• **Source data**:

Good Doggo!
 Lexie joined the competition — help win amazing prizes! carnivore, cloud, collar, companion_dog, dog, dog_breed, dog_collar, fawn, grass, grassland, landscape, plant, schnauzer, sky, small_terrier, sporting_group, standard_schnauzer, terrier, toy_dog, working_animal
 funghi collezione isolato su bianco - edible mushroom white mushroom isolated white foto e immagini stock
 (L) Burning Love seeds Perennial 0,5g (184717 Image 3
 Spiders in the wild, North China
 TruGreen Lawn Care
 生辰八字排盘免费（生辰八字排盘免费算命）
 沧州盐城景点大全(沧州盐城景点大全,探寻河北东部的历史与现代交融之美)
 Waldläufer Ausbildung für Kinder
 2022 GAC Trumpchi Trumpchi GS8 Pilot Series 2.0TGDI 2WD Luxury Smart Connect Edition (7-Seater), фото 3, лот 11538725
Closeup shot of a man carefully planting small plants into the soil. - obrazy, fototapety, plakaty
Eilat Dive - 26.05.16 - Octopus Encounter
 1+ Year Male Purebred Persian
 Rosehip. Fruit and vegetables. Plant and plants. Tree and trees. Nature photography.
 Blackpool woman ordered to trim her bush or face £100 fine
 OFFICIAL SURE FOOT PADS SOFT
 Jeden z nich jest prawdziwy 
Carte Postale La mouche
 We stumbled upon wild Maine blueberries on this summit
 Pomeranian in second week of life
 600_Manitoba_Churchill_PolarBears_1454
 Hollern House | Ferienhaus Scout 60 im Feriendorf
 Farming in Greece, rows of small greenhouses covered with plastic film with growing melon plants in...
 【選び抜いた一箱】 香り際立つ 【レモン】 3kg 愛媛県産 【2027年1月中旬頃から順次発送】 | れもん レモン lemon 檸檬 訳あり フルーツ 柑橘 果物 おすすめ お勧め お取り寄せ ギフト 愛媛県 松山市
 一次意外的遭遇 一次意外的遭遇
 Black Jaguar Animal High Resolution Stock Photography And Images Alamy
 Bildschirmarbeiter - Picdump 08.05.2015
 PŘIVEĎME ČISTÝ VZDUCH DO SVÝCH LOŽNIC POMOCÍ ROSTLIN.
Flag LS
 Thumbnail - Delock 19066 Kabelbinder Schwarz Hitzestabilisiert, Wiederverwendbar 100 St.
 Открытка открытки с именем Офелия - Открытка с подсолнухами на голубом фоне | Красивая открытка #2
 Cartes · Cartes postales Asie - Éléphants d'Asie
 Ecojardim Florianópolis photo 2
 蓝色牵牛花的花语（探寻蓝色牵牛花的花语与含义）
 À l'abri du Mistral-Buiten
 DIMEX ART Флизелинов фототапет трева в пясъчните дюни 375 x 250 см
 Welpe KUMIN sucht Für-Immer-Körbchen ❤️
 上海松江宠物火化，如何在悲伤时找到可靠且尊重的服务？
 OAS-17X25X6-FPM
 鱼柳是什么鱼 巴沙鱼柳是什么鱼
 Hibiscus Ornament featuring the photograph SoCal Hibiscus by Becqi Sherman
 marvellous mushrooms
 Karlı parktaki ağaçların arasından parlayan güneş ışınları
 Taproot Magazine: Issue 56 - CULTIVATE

• **Exercise directions**:
The entries above hold a line with "Bildschirmarbeiter - Picdump 08.05.2015" and a later line with "Karlı parktaki ağaçların". Write out exactly those lines and all lines between, nothing more.

• **Exercise result**:
 Bildschirmarbeiter - Picdump 08.05.2015
 PŘIVEĎME ČISTÝ VZDUCH DO SVÝCH LOŽNIC POMOCÍ ROSTLIN.
Flag LS
 Thumbnail - Delock 19066 Kabelbinder Schwarz Hitzestabilisiert, Wiederverwendbar 100 St.
 Открытка открытки с именем Офелия - Открытка с подсолнухами на голубом фоне | Красивая открытка #2
 Cartes · Cartes postales Asie - Éléphants d'Asie
 Ecojardim Florianópolis photo 2
 蓝色牵牛花的花语（探寻蓝色牵牛花的花语与含义）
 À l'abri du Mistral-Buiten
 DIMEX ART Флизелинов фототапет трева в пясъчните дюни 375 x 250 см
 Welpe KUMIN sucht Für-Immer-Körbchen ❤️
 上海松江宠物火化，如何在悲伤时找到可靠且尊重的服务？
 OAS-17X25X6-FPM
 鱼柳是什么鱼 巴沙鱼柳是什么鱼
 Hibiscus Ornament featuring the photograph SoCal Hibiscus by Becqi Sherman
 marvellous mushrooms
 Karlı parktaki ağaçların arasından parlayan güneş ışınları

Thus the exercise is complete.